Excerpted records START

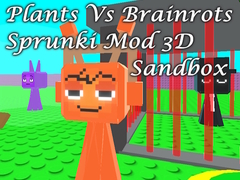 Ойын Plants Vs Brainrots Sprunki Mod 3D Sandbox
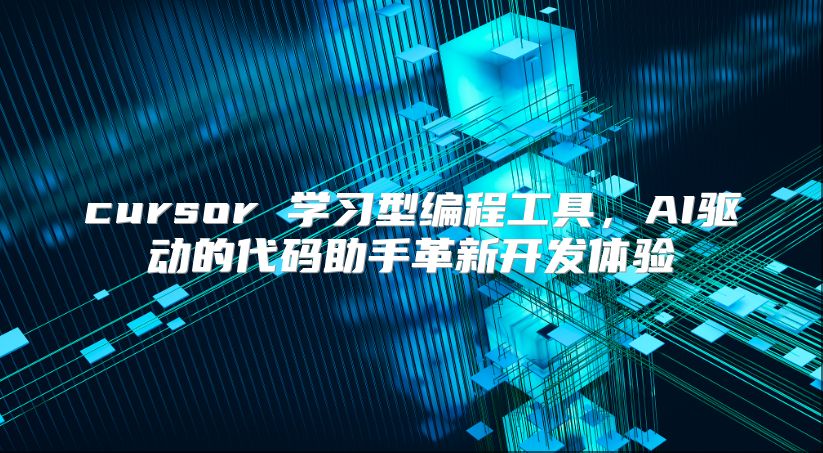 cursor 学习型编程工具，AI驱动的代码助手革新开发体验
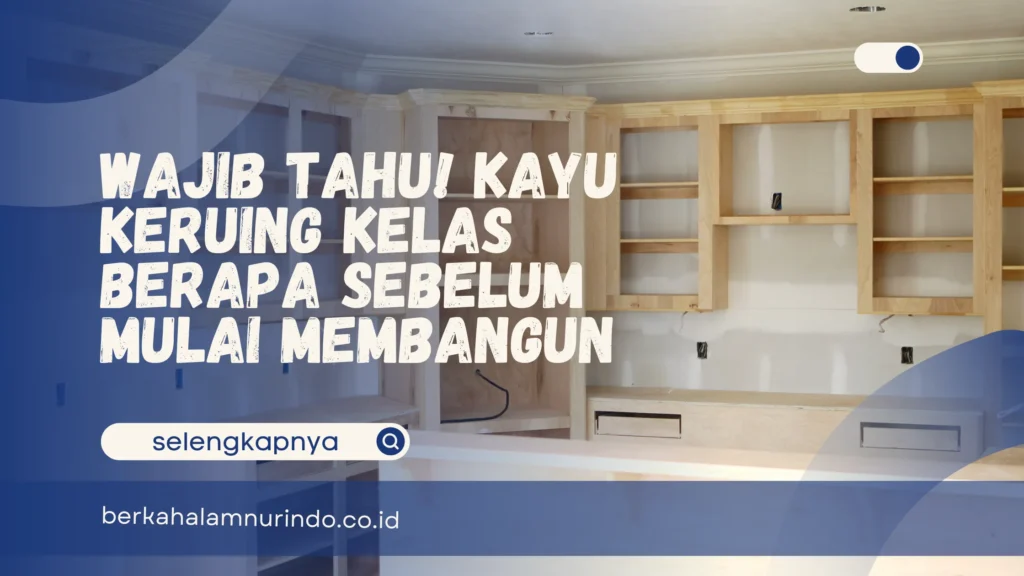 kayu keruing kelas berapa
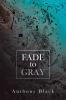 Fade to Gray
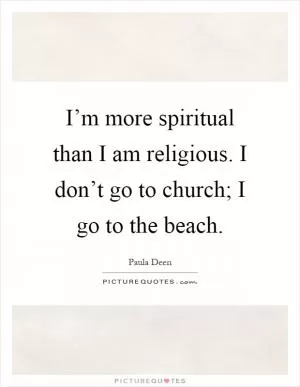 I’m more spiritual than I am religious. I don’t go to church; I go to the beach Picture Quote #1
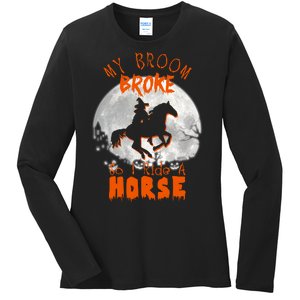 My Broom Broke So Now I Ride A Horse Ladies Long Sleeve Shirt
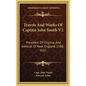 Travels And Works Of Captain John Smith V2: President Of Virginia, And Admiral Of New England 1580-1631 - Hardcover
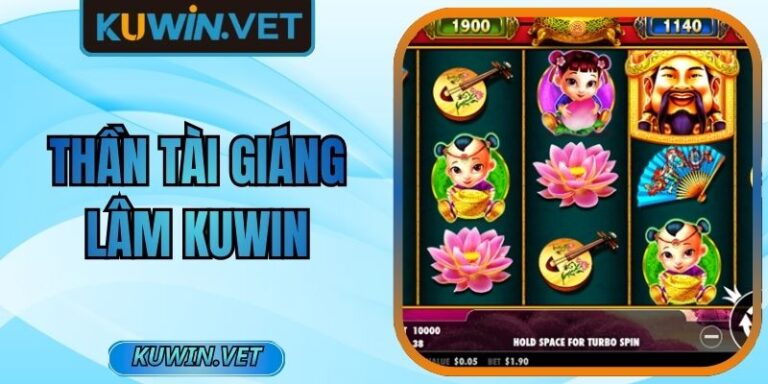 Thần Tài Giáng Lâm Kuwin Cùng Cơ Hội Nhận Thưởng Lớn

Excerpted records END
Excerpted records START

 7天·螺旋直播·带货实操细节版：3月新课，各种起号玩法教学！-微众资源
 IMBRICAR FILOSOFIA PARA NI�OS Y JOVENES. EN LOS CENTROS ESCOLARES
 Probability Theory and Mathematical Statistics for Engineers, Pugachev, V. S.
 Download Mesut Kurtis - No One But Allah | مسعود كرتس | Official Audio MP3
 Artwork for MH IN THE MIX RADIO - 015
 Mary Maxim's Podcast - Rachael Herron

Excerpted records END

Now transcribe the lines above exactly, starting at the line containing "Fade to Gray" and ending at the line containing "Thần Tài Giáng", both lines included, pictures excluded.

Written solution |
 Fade to Gray
 I’m more spiritual than I am religious. I don’t go to church; I go to the beach Picture Quote #1
 My Broom Broke So Now I Ride A Horse Ladies Long Sleeve Shirt
 Travels And Works Of Captain John Smith V2: President Of Virginia, And Admiral Of New England 1580-1631 - Hardcover
 Thần Tài Giáng Lâm Kuwin Cùng Cơ Hội Nhận Thưởng Lớn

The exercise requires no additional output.